# [TASK GOAL]
Your answer should be only the lines below from the one with "Dulap din oțel" to the one with "Map of RYUKYU ISLANDS, JAPAN", repeated exactly, ends included.

--- EXERCISE MATERIALS Enclosed Below ---

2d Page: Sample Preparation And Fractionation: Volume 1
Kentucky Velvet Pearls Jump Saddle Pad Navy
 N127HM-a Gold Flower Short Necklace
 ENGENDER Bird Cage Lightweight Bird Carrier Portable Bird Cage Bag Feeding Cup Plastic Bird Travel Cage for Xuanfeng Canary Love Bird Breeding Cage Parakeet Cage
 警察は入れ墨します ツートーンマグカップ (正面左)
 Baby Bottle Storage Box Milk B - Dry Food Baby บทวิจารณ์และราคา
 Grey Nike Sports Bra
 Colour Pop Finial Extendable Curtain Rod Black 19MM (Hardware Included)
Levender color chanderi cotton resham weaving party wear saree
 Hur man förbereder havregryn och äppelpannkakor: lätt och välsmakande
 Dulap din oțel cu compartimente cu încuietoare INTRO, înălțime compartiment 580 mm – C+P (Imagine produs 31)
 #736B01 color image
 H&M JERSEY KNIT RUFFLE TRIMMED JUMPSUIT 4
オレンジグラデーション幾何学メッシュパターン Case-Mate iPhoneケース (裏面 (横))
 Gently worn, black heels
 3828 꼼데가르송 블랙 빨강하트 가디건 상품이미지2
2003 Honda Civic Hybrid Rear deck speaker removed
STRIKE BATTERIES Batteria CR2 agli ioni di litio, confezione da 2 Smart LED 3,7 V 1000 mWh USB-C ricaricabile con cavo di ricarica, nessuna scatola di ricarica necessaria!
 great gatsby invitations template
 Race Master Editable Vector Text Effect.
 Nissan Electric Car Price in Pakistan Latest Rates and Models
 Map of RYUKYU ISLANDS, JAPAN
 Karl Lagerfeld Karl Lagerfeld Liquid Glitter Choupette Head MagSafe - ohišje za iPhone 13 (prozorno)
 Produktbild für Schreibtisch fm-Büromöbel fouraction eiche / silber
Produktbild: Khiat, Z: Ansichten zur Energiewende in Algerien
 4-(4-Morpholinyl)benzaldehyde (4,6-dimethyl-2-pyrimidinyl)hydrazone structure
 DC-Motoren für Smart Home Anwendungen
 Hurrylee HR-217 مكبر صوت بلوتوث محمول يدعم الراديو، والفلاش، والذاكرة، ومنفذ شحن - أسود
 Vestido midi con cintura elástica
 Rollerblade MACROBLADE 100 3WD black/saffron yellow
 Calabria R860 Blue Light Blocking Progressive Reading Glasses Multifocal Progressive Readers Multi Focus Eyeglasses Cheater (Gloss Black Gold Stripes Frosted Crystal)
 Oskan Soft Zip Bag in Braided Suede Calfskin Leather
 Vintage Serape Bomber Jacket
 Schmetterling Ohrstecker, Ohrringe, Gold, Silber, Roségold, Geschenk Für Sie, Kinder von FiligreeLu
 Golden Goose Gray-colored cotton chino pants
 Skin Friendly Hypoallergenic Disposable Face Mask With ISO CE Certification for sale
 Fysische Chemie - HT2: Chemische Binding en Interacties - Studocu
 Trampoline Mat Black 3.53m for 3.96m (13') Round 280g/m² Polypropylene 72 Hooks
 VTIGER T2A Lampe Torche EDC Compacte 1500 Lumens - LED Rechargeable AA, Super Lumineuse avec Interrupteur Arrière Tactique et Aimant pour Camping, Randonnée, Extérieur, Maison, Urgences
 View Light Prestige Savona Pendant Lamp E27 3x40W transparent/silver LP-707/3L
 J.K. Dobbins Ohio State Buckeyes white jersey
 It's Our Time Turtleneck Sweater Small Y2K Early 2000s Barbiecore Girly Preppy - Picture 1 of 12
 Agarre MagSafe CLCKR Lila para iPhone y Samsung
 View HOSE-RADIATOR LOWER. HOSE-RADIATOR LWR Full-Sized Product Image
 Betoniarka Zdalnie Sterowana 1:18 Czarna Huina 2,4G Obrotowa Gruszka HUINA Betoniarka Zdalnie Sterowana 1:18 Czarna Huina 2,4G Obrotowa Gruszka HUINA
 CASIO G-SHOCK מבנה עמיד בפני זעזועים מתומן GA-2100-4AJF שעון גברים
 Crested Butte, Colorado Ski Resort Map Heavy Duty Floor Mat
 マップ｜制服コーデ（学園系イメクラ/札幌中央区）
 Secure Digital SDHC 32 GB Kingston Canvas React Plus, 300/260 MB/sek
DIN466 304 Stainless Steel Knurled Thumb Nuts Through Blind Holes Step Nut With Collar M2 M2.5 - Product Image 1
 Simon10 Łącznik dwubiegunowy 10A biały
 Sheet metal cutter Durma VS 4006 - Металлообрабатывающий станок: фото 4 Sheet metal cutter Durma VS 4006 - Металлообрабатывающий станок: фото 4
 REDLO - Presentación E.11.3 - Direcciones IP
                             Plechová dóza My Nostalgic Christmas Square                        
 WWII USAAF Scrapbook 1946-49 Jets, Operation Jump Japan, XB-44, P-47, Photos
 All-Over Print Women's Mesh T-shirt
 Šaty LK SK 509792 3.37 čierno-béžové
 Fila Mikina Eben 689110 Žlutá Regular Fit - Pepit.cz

--- End of Enclosed EXERCISE MATERIALS ---

# [EXERCISE OUTPUT]
 Dulap din oțel cu compartimente cu încuietoare INTRO, înălțime compartiment 580 mm – C+P (Imagine produs 31)
 #736B01 color image
 H&M JERSEY KNIT RUFFLE TRIMMED JUMPSUIT 4
オレンジグラデーション幾何学メッシュパターン Case-Mate iPhoneケース (裏面 (横))
 Gently worn, black heels
 3828 꼼데가르송 블랙 빨강하트 가디건 상품이미지2
2003 Honda Civic Hybrid Rear deck speaker removed
STRIKE BATTERIES Batteria CR2 agli ioni di litio, confezione da 2 Smart LED 3,7 V 1000 mWh USB-C ricaricabile con cavo di ricarica, nessuna scatola di ricarica necessaria!
 great gatsby invitations template
 Race Master Editable Vector Text Effect.
 Nissan Electric Car Price in Pakistan Latest Rates and Models
 Map of RYUKYU ISLANDS, JAPAN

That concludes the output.